I'm thinking that while it is imagined as fiction, the Next MacGyver project supports this idea very well.
On December 3rd 2014, a group of signatory schools who supported 'Fostering a Generation of Makers' White House Maker Faire campaign gathered in Washington DC to discuss next steps. This generated incredible ideas and insight as we moved another step forward in defining a Maker Alliance Network for higher education institutions. Four work streams were created to explore possible next steps for the Alliance: the development of online resources; the preparation of a maker portfolio initiative, the development of increased funding for Maker opportunities, and promotion and advocacy for Making in higher education.
Below you will find one of the four next step proposals prepared by our workstream committees. We invite your feedback, as well as any additions or alternative approaches you might suggest. You are also welcome to indicate your interest in volunteering to work on this committee.
Finally, we also welcome new ideas for next steps. To contribute additional proposals, add a new topic to the 'Next Steps' discussion forum on MakeSchools.org.
Please share any feedback no later than March 1, 2015.
The Making community needs more highly visible role models to inspire and far greater chances for recognition in order to help accelerate Making's role in society. Currently Maker Faires offer the best opportunity for the initiated to celebrate their STEAM passions, and should certainly continue. However, in comparison to our society's abundance of recognition opportunities for those who excel in entertainment, sports, media, and even cooking, accomplishments in science, engineering, and Making are largely left to be their own reward.
To begin to address this, Making needs to appear more accessible to the average audience. Additionally, the idea that Making is happening everywhere around us and that amazing stories are out there, not just in science fiction, needs to be regularly reinforced in order to help change attitudes that Making is only for the more elite. Improving the perceived accessibility of Making may also need to include stronger and easier invitations for participation or at least means for interested voices to be heard in the community in a meaningful way.
Through the Higher Education Maker Alliance, and the variety of Maker Spaces and Maker projects they are aware of, there is an opportunity to find the stories of everyday and exceptional Making; not only at the colleges but within all of the Making communities in which Alliance members belong. Together the Alliance, along with Make, can support the sharing of these stories in new communities; they only need the stories to be told in a way everyone can appreciate.

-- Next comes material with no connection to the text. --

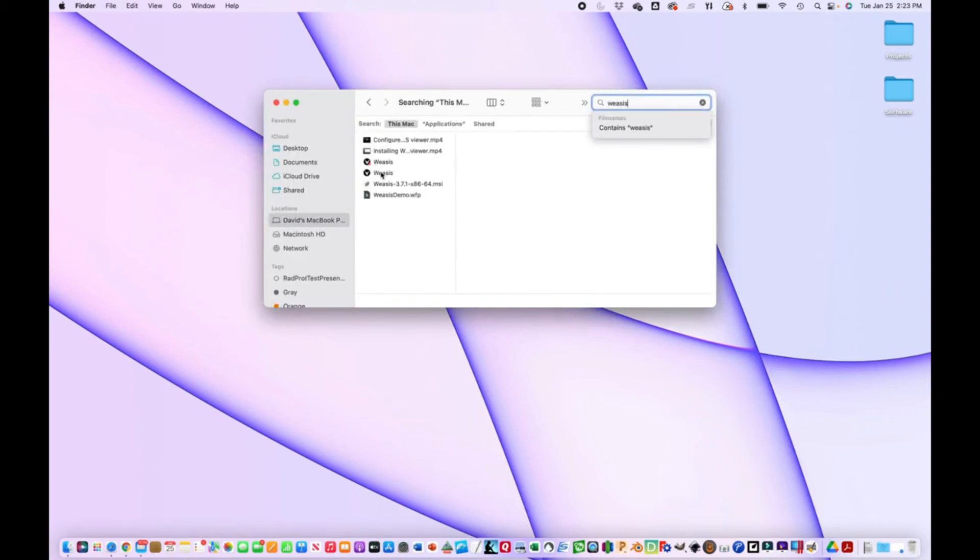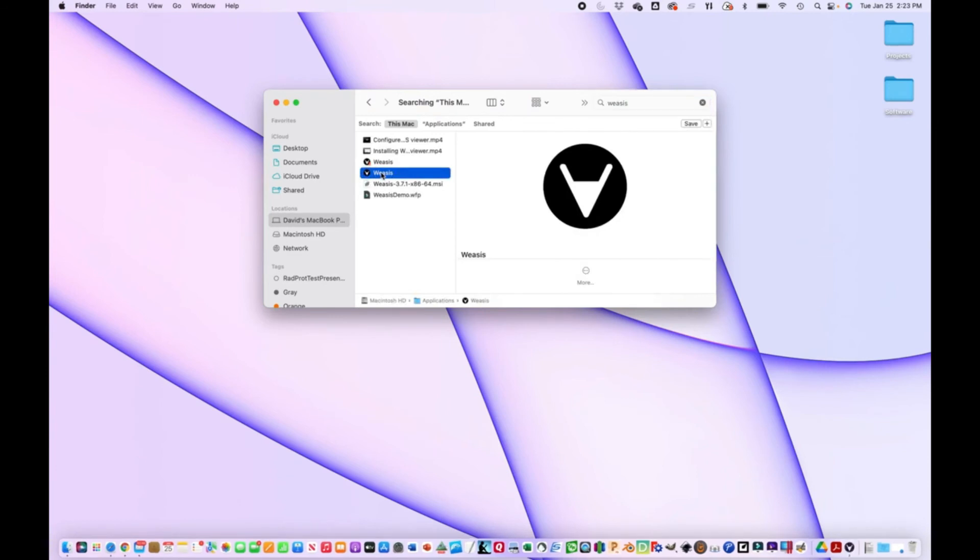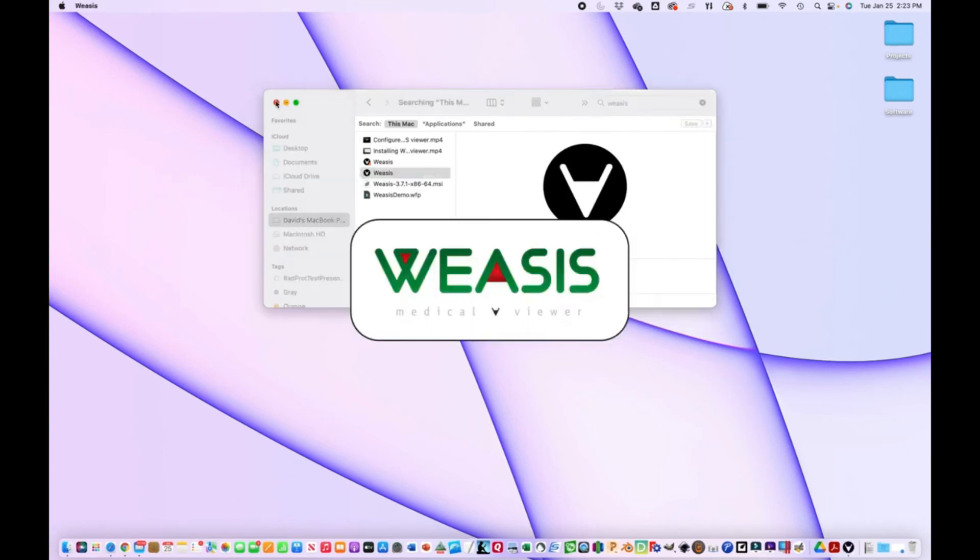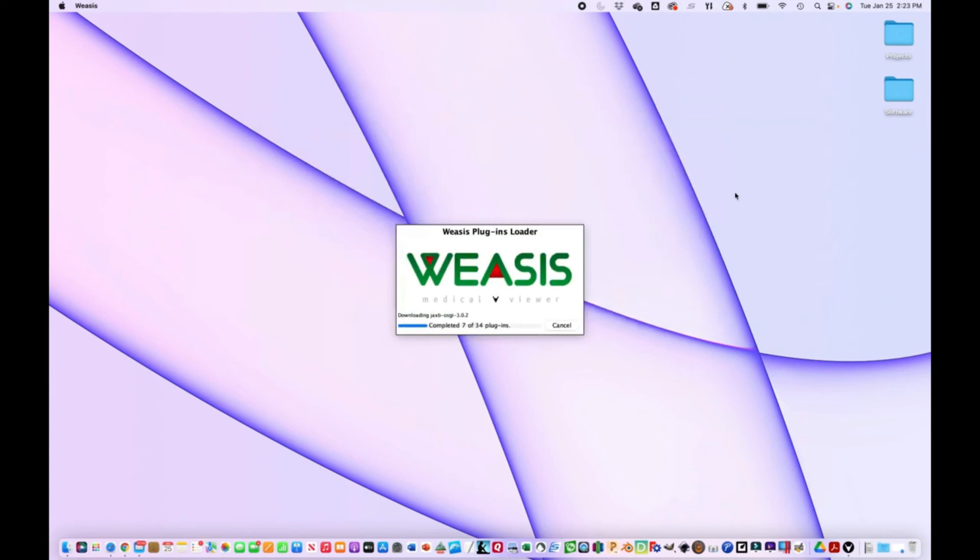Here it is. All right, it's running. How to do it. Thank you.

The solution is the creation of a new television show called "Making It Happen" as an informal tour of Making in America in the style of cooking show "Diners, Drive-In's, & Dives". As "Diners…" demonstrates there is really appealing food to be found everywhere, created by cooks and chefs with a wide range of backgrounds, "Making it Happen" would show that there are innovative and interesting creations being developed by a wide variety of people all over the country. Using the same approachable format, America can be introduced every week to a new variety of innovators and innovations being created in Maker Spaces, College Campuses, Start-up Incubators, and even Industry.

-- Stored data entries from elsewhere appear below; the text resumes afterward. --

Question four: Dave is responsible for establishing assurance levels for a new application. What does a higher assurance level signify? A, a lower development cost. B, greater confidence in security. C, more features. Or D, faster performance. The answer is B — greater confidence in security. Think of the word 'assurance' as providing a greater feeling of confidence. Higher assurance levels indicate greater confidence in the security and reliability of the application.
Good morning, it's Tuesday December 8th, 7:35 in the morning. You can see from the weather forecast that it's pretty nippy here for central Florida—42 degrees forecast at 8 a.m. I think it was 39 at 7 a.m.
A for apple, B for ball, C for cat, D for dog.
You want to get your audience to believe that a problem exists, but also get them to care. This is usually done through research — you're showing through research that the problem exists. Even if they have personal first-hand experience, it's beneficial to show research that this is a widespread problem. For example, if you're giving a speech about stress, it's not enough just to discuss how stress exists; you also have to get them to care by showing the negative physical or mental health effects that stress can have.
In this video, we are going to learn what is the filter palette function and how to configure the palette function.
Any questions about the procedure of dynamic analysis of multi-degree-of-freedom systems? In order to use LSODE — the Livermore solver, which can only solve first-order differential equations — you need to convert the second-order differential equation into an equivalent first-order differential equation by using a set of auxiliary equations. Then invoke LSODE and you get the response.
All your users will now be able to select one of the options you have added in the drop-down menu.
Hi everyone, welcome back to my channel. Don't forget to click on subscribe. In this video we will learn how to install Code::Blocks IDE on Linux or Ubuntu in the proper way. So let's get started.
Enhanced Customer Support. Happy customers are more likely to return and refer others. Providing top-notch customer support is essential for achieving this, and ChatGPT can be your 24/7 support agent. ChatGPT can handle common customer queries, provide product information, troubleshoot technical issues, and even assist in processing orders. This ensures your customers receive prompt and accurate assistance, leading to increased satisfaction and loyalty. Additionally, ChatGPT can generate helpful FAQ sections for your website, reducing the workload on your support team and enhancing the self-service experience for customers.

A relatively cheap and easy to make show, there are many ways to expand its appeal. The show could also be paired with an on-line voting competition where "winners" could be win trips to showcase at Maker Faires. DIY "recipes" from featured Makers could also be included with Maker Hive forums to aid new Makers. There may even be an opportunity to benefit from the excitement of modern science fiction, including how Making is occurring in movie magic or guest star appearances.

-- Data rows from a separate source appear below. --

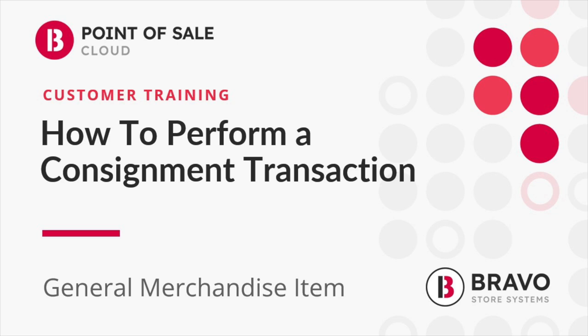Hi there, it's Tally, and today I'm going to walk you through the process of performing a general merchandise consignment transaction in Bravo.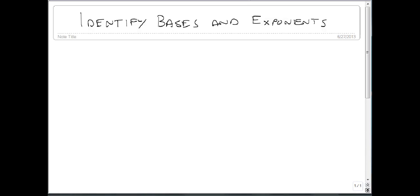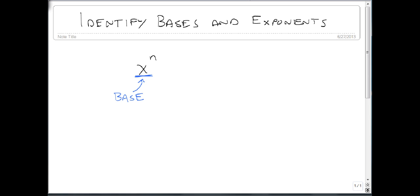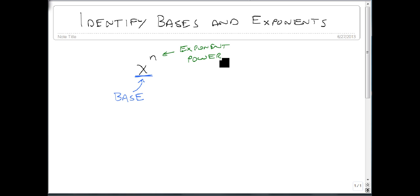We are now going to identify bases and exponents. When we write an exponent, we have some number or variable raised to a power. We call this the base, and we call this the exponent or the power. Both are equally valid, though we'll default to the exponent.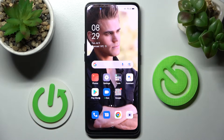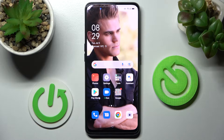Hi! In front of me is Oppo A94 5G and today I would like to show you how you can use App Cloner on this Oppo.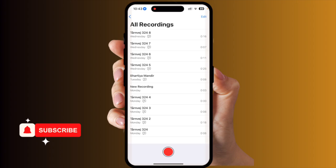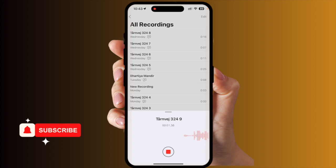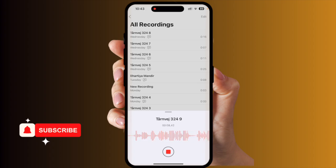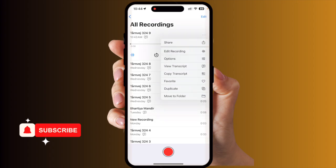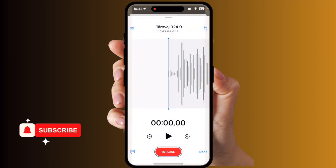I have a bunch of recordings here from previously. If I start a new recording, I am now recording something. This is a feature of Apple products that is really interesting. Now if I stop, the new recording appears here. If I click on it and select Edit, look at the bottom of the screen.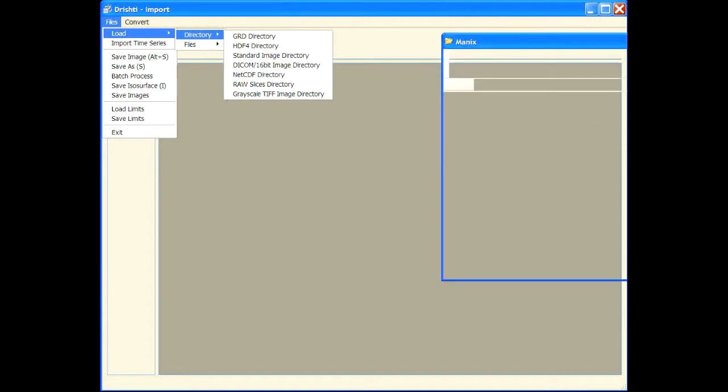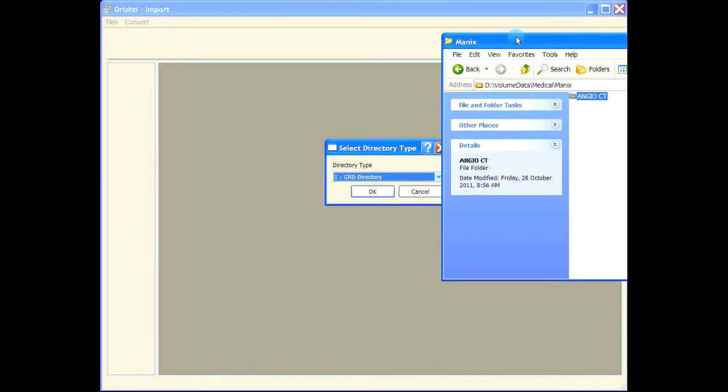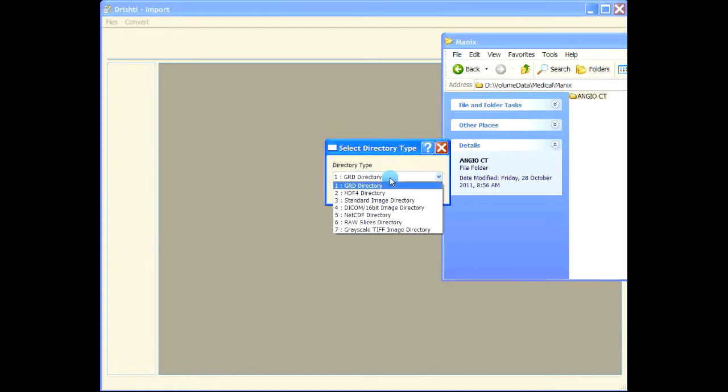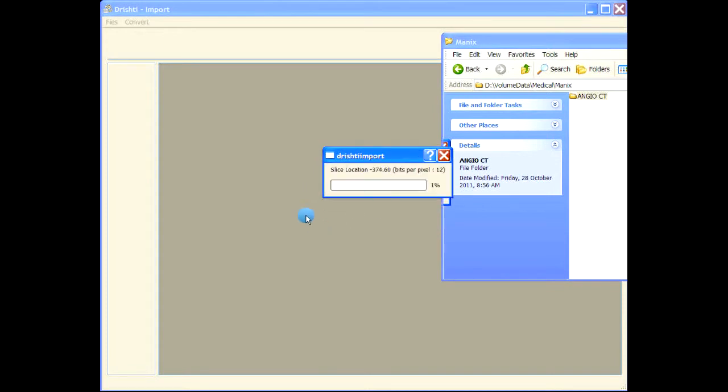Let's just drag and drop this directory here. It asks for the directory type - this is DICOM, so let's press OK. Now with the DICOM files, what it does is it goes and reads each file.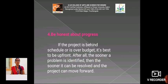Fourth, be honest about progress. If the project is behind schedule or is over budget, it is best to be upfront. After all, the sooner a problem is identified, the sooner it can be resolved and the project can move forward.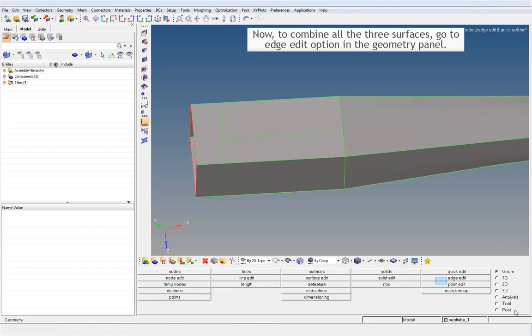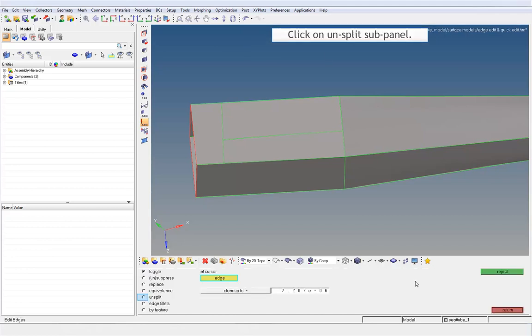Now, to combine all three surfaces, go to the Edge Edit option in the Geometry Panel. Click on the Unsplit Sub Panel.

Perhaps most importantly, to ensure the technical material is engaging and relatable, interviews would focus on the clear and relevant need each Maker is trying to meet. Then by describing how well that need is met, the show can convey the value and wonder of the work to a wide audience. In this way, the show may also borrow from elements of Extreme Home Makeover where the details/process of the work being done are shown mainly to help express its effect. In turn, to help make sure the message is heard, the Alliance, Make, and their partner communities and industries could in turn help drive traffic to the show.
An initial step would be for the Alliance to create and catalog a list of potential Maker groups and projects to feature, thereby demonstrating that there is a significant number and wide variety of material that the show could feature. Additionally some Alliance members are already planning internally focused YouTube videos that could also offer potential projects to feature. These concepts could then be formulated into show treatments. Similarly pilot formats could then be developed and eventually shot to test their effectiveness. This work also could also potentially form the basis of a NSF or USED proposal to bring in seed funding for the show. Ultimately, a professional studio would have to be engaged to produce the show with Alliance members serving as outside advisors. Additionally, sponsors would have to be determined, but could potentially be any group that currently sponsors Maker Faires, or advertises about technical innovation: i.e. Intel, ExxonMobil, GE, etc.